[U-Boot] [PATCH 1/2] mtd: vf610_nfc: mark page as dirty on block erase

Scott Wood scottwood at freescale.com
Tue Apr 7 23:09:46 CEST 2015


On Tue, 2015-04-07 at 13:54 -0400, Bill Pringlemeir wrote:
> On  7 Apr 2015, scottwood at freescale.com wrote:
> > On Tue, 2015-04-07 at 10:06 -0400, Bill Pringlemeir wrote:
> 
> >> In any case the document has,
> 
> >> If the NAND flash supports sub-pages, then what can be done is ECC
> >> codes can be calculated on per-sub-page basis, instead of per-NAND
> >> page basis. In this case it becomes possible to read and write
> >> sub-pages independently.
> 
> >> Probably if we want sub-pages with this controller and hw-ecc, we
> >> need to use the virtual buffer features of the chip.  The controller
> >> needs an entire current buffer in the SRAM to calculate the hw-ecc to
> >> write.  So even if it writes less than a full page, the entire page
> >> must be read to calculate the hw-ecc to be written.
> 
> > That limitation sounds similar to the Freescale NAND controllers that
> > I'm familiar with (eLBC and IFC).  For eLBC we do subpages by just
> > writing 0xff, because on that controller the ECC of all 0xff is all
> > 0xff so it doesn't disturb anything.  IFC has different ECC algorithms
> > where that isn't the case, so we disabled subpage write on IFC.
> 
> > What is the virtual buffer feature?
> 
> >> I am pretty sure that all controllers that support hw-ecc will need
> >> to do this.
> 
> > Not if they can handle doing ECC on a single subpage.
> 
> [from another thread, but the same subject].
> 
> >> The other way to handle things would to be to investigate the
> >> NFC_CFG[PAGE_CNT] and NFC_SECSZ to have the virtual pages support
> >> sub-pages.  I think the OOB mapping would be non-standard in such
> >> cases.
> 
> > Wouldn't that mess up factory bad block markers?
> 
> All the stuff above is related (afaik).
> 
>   > What is the virtual buffer feature?
> 
> It splits programming of a flash page into separate buffers.  The
> BCH-HW-ECC is then applied separately to each 'virtual-page' with
> reduced strength.  Section "31.4.6 Organization of the Data in the NAND
> Flash" of the Vybrid Software RM has details.
> 
>  > Wouldn't that mess up factory bad block markers?
> 
> I am unsure; certainly they can be read but they might be a data portion
> of the fourth sub-page depending on the ECC strength selected.

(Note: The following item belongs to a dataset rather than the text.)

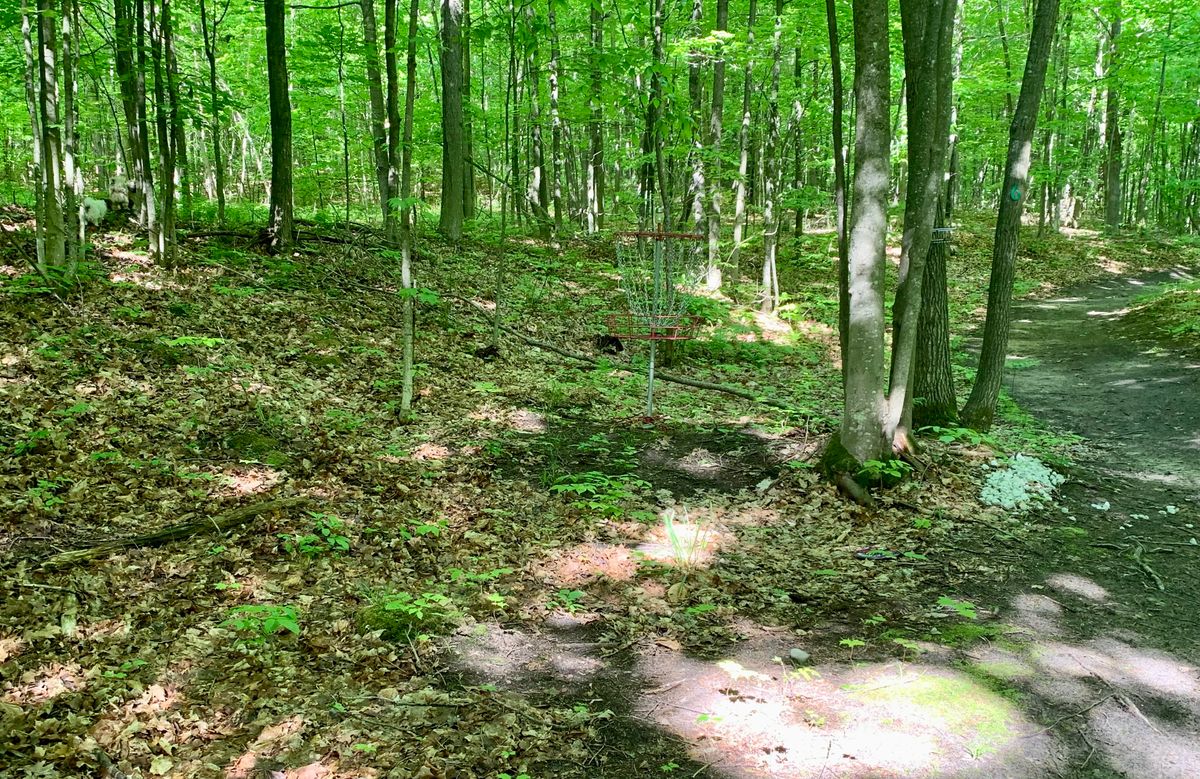 Hole 5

That would be bad.  Even if you somehow get the MTD code to read markers
in the main area on first use, you wouldn't be able to reconstruct the
BBT after you start writing data.  If you must do this, I suggest
migrating the bad block markers to the new OOB before usage (see
http://patchwork.ozlabs.org/patch/168855/ for an example).

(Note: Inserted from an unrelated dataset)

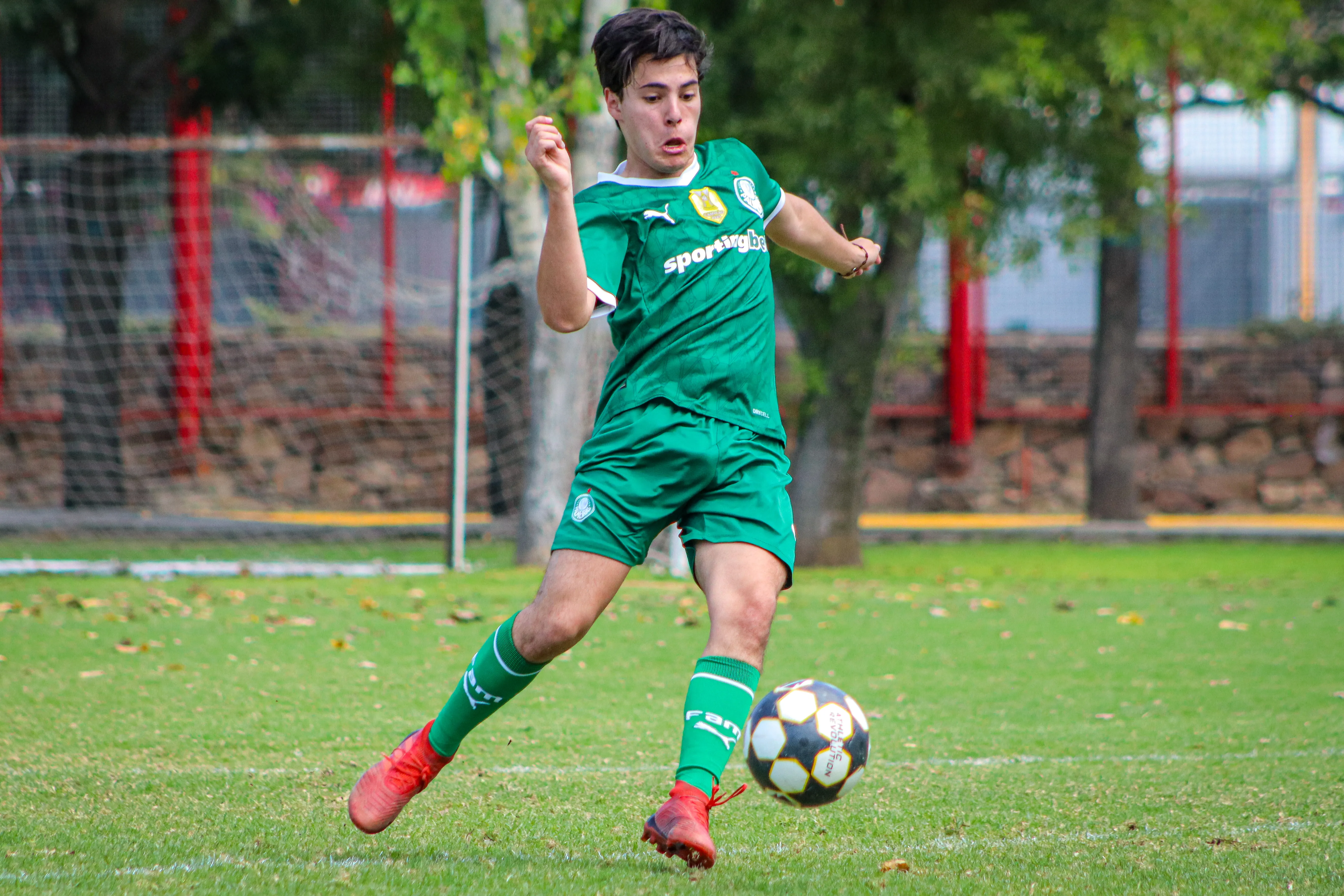 banner-partido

> However, it seems like your comment that the ECC must be different
> per-subpage (and what Artem said in the sub-pages documentation) makes
> 'virtual buffers' the most promising path for this driver and sub-page
> support with hw-ecc.  As the bit strength is reduced, the amount of
> corrections/error detection also seems reduced.  I think the math would
> make this the same for everyone?

Flash chips usually specify the required ECC on a subpage basis.

> Your question about factory BBT is a good point.  Using the 'virtual
> buffers' feature will complicate the driver code by quite a bit at least
> from what I could think of and what I see in the MTD tree where I
> believe similar features are used.

Which gets back to the question of whether subpages are worth it with
this controller.  Or, if subpage writes are infrequent enough, stick
with the read/modify/write approach but delay the read until you know
that it's going to be a subpage write.